Kim H J, Kim M H, Kim D I, Lee H J, Myung S J, Yoo K S, Park E T, Lim B C, Seo D W, Lee S K, Min Y I
Dept. of Internal Medicine, Asan Medical Center, University of Ulsan College of Medicine, Seoul, Korea.
Endoscopy. 1999 Aug;31(6):431-6. doi: 10.1055/s-1999-42.
Hemorrhage is induced in approximately 0.5-12% of endoscopic biliary sphincterotomy (ES) procedures. We prospectively investigated the risk factors for ES-induced hemorrhage and evaluated the safety as well as the effectiveness of endoscopic hemostasis.
The study included 1304 patients who underwent ES between July 1996 and June 1998. Epinephrine spray was used initially for hemostatic treatment. If bleeding persisted, an epinephrine injection was given consecutively. In patients with exposed vessels, epinephrine injection followed by alcohol injection was given.
ES-induced hemorrhage occurred in 136 (10.4%) patients.
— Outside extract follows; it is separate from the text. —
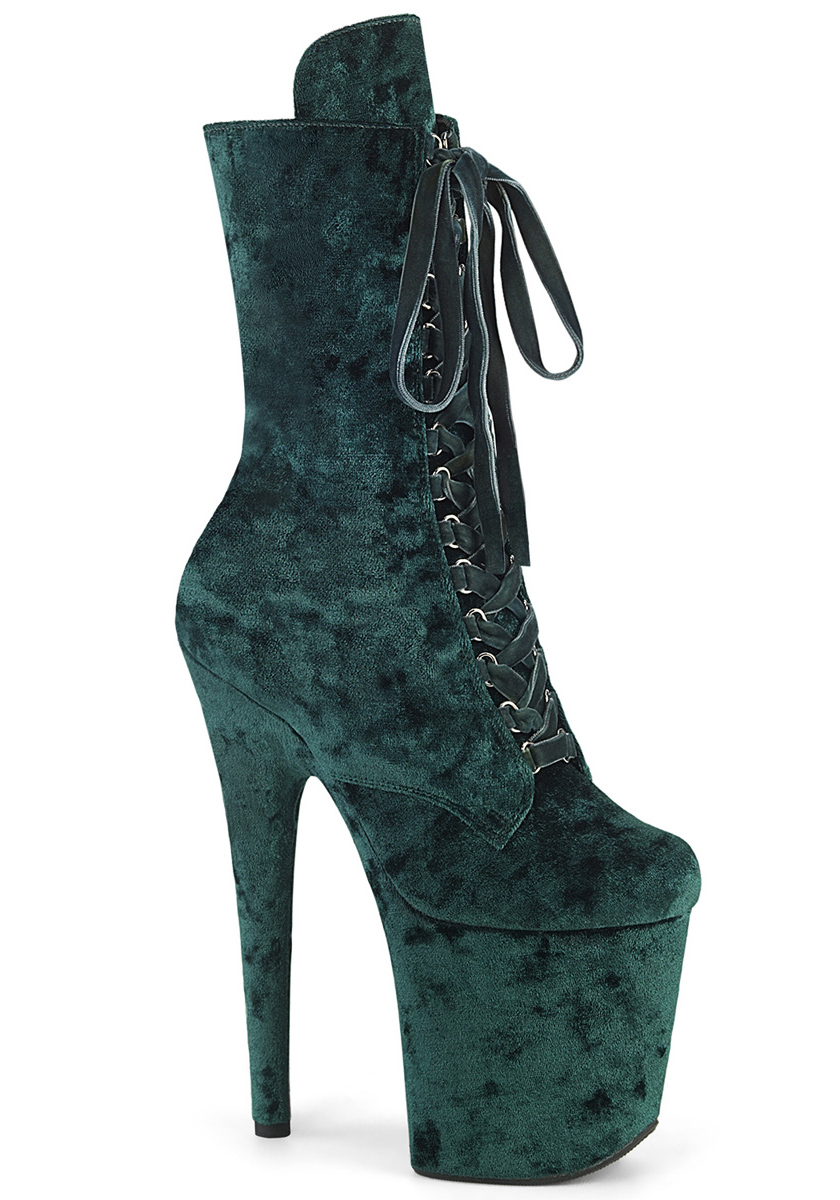 Pleaser 7 Inch Heel, 2 3/4 Inch Platform Lace-Up Mid Calf Boot, Side Zip - Picture 9 of 18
The type of sphincterotome used (needle-knife sphincterotome, P=0.025) and the cutting speed (the so-called "zipper" cut, P = 0.049) were revealed as significant variables with regard to the occurrence of bleeding. Mild, moderate, and severe bleeding were noted in 108 (79.4%), 22 (16.2%), and six (4.4%) patients, respectively. Once bleeding occurred, patients with an associated ampullary lesion (impacted stone or cancer) or with coagulopathy were more likely to bleed profusely. Initial hemostasis was achieved in all patients. However, rebleeding occurred in eight patients who were initially classified as having moderate or severe bleeding. Finally, ES-induced hemorrhage was successfully controlled in all patients after 1-3 treatment sessions (mean 1.1 sessions). The difference in the incidence of complications between the groups treated or not treated by endoscopic hemostasis was not statistically significant.
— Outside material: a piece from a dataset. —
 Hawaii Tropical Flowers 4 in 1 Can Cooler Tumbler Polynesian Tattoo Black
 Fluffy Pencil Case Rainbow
ES-induced hemorrhage occurred in 10% of the patients studied. The use of needle-knife sphincterotomy and the cutting speed were independent risk factors for the occurrence of bleeding. Once bleeding occurred, its severity was affected by an associated ampullary lesion (impacted stone or cancer) or coagulopathy. Endoscopic hemostasis with epinephrine and/or alcohol was effective and safe in ES-induced hemorrhage.
内镜下胆管括约肌切开术(ES)过程中约0.5%-12%的患者会发生出血。我们前瞻性地研究了ES所致出血的危险因素,并评估了内镜止血的安全性和有效性。
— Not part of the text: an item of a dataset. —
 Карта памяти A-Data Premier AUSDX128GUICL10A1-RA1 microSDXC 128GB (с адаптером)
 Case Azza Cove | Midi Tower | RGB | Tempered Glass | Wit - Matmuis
本研究纳入了1996年7月至1998年6月期间接受ES的1304例患者。最初采用肾上腺素喷雾进行止血治疗。若出血持续,则连续给予肾上腺素注射。对于血管暴露的患者,先给予肾上腺素注射,随后进行酒精注射。
136例(10.4%)患者发生了ES所致出血。所用括约肌切开刀的类型(针刀括约肌切开刀,P=0.025)和切割速度(所谓的“拉链式”切割,P=0.049)被揭示为与出血发生相关的显著变量。分别有108例(79.4%)、22例(16.2%)和6例(4.4%)患者出现轻度、中度和重度出血。一旦发生出血,伴有壶腹病变(嵌顿结石或癌症)或凝血功能障碍的患者更易发生大出血。所有患者均实现了初始止血。然而,最初被归类为中度或重度出血的8例患者发生了再出血。最终,经过1-3次治疗(平均1.1次)后,所有患者的ES所致出血均得到成功控制。内镜止血治疗组与未治疗组之间并发症发生率的差异无统计学意义。
在所研究的患者中,10%发生了ES所致出血。针刀括约肌切开术的使用和切割速度是出血发生的独立危险因素。一旦发生出血,其严重程度受伴有壶腹病变(嵌顿结石或癌症)或凝血功能障碍的影响。肾上腺素和/或酒精内镜止血在ES所致出血中有效且安全。